Microsoft’s AI tool can turn photos into realistic videos of people talking and singing

remon4 weeks ago

134 2 minutes read

Microsoft Research Asia has unveiled a new experimental AI tool called VASA-1 that can take a still image of a person – or a drawing of a person – and an existing audio file to create a realistic talking face in real time. It has the ability to generate facial expressions and head movements for an existing still image as well as the appropriate lip movements to match a speech or song.

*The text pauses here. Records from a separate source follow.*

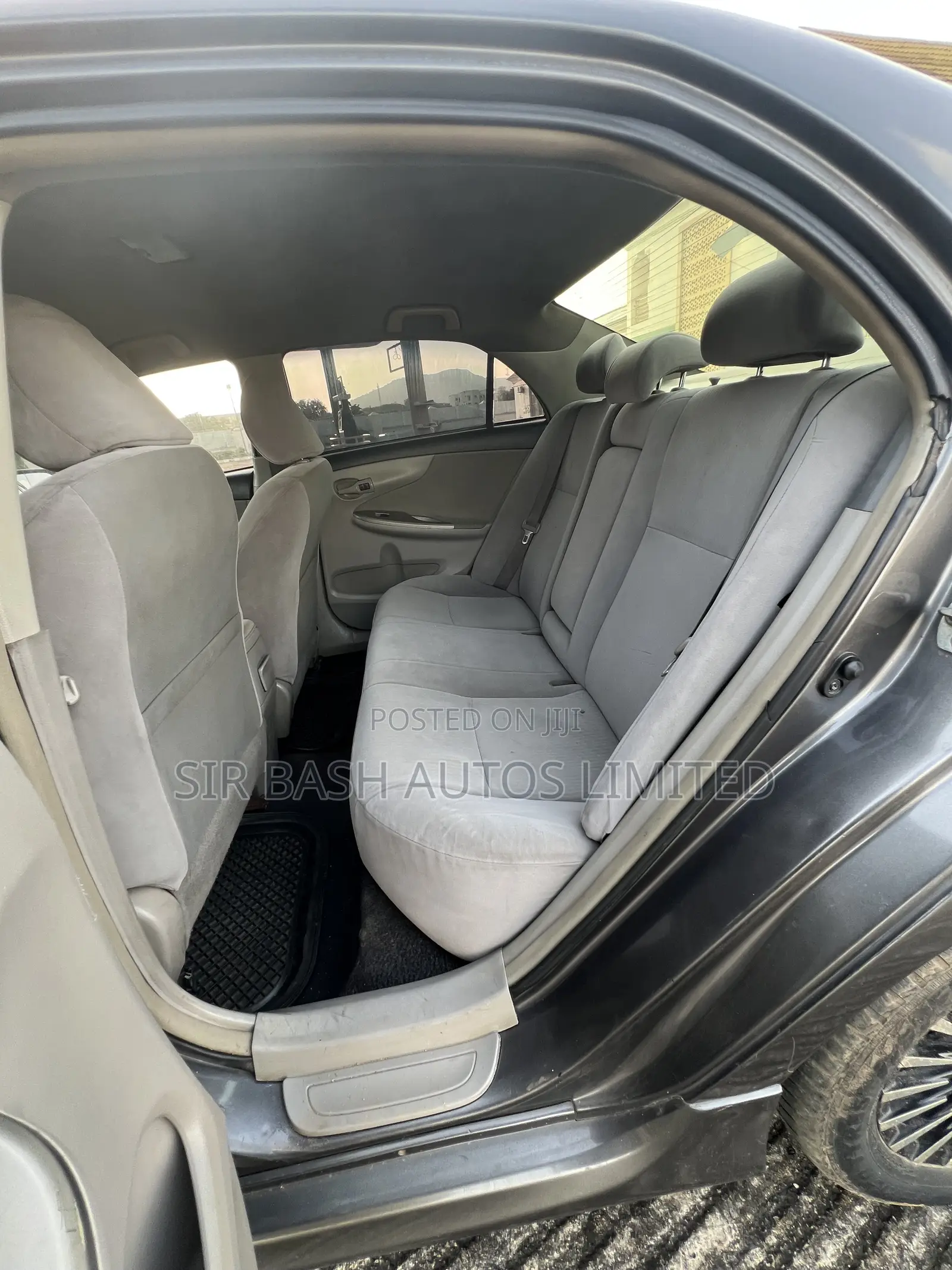 Toyota Corolla S 4dr Sedan (1.8L 4cyl 4A) 2011 Gray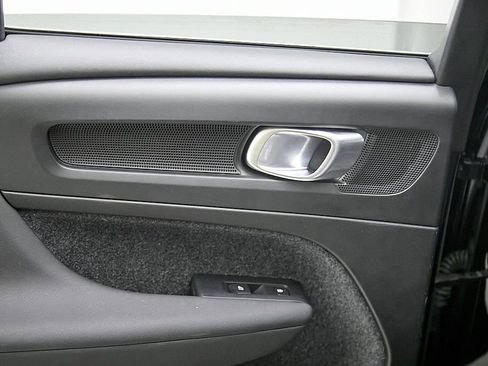 Certified 2023 Volvo XC40 B5 Plus image 20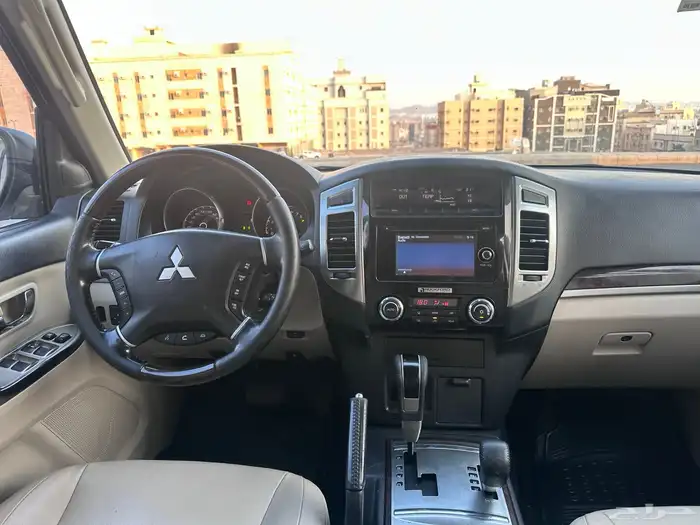 جيب باجيرو 2016مكينه 3500 19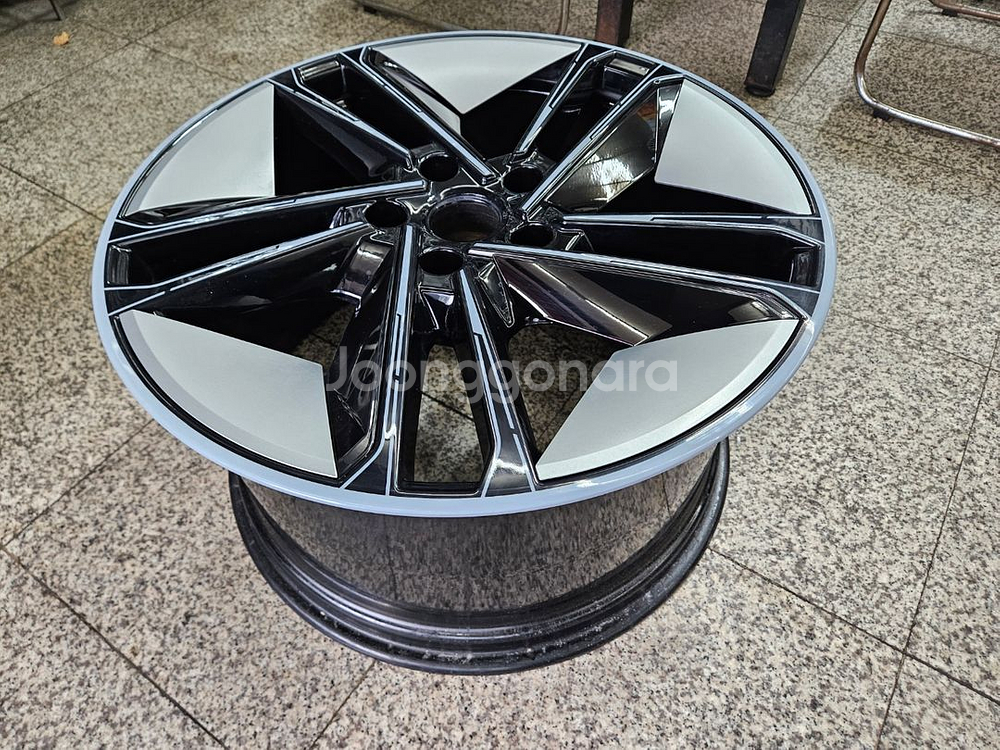 아우디 이트론 GT RS 정품 21인치 후륜용 휠 한개--5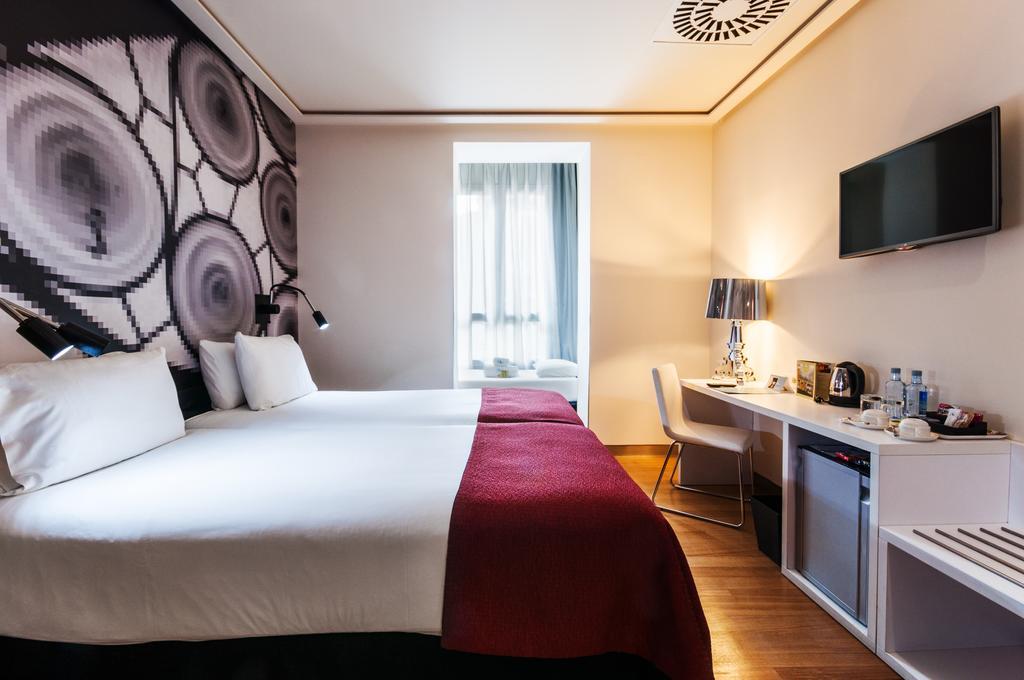 Hotel Bcn Design برشلونة المظهر الخارجي الصورة A room at the hotel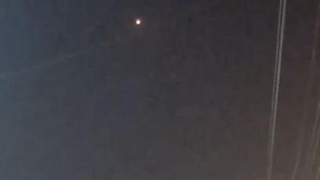 عبور موشک های ایرانی از آسمان قم در آغاز دور دوم عملیات وعده صادق ۳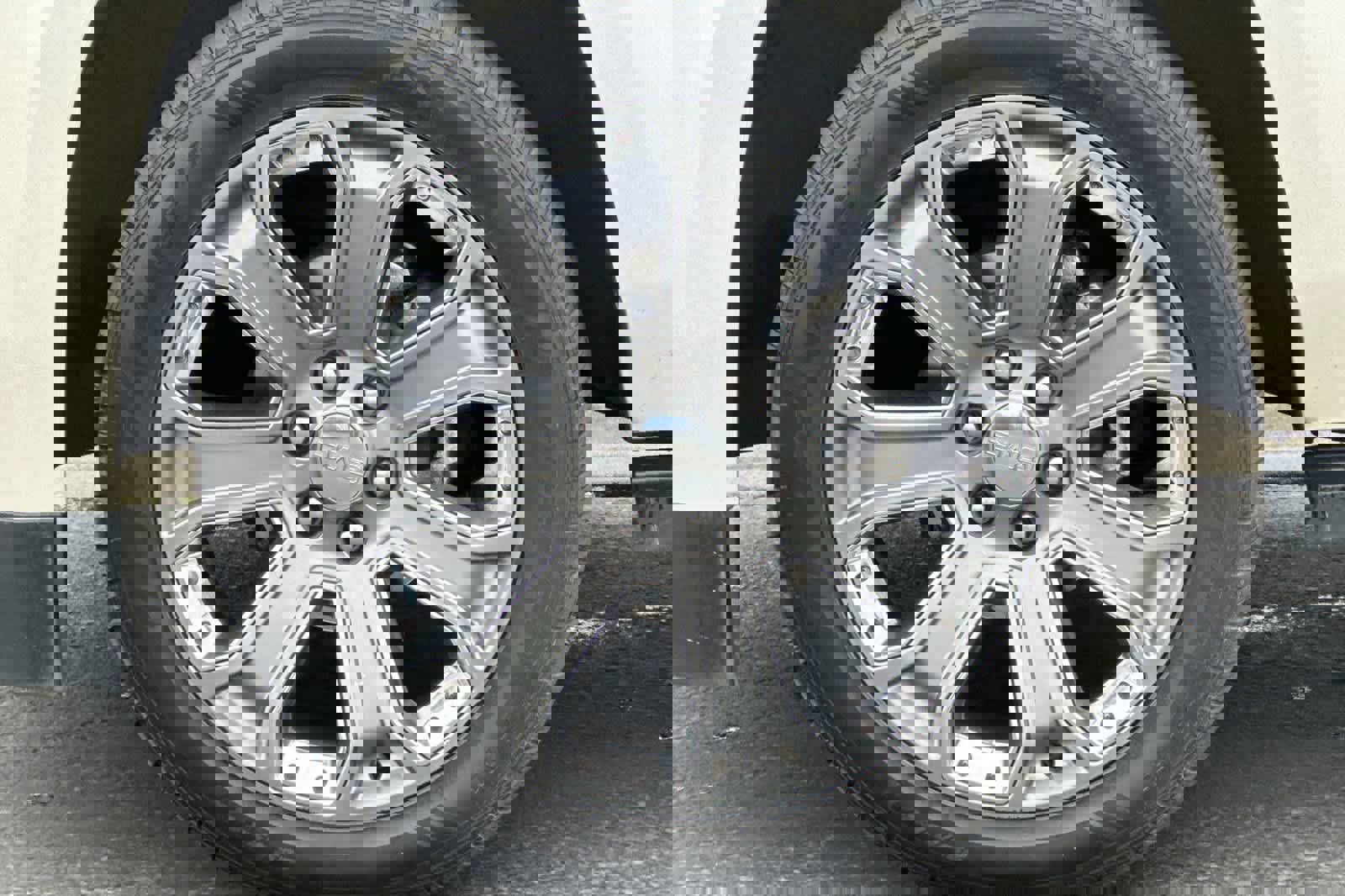 Used 2015 GMC Yukon Denali w/ Premium Package image 28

The researchers uploaded a ton of examples to the project page, and the results look good enough that they could fool people into thinking they’re real.

While the lip and head movements in the examples may still appear a bit robotic and out of sync upon closer inspection, it’s still clear that the technology could be misused to easily and quickly create fake videos of real ones. people. The researchers themselves are aware of this potential and have decided not to release “an online demo, API, product, additional implementation details, or any related offerings” until they are confident that their technology “will be used responsibly and in accordance with appropriate rules”. regulations.” They did not, however, specify whether they planned to implement certain safeguards to prevent bad actors from using them for nefarious purposes, such as creating deepfake pornography or disinformation campaigns.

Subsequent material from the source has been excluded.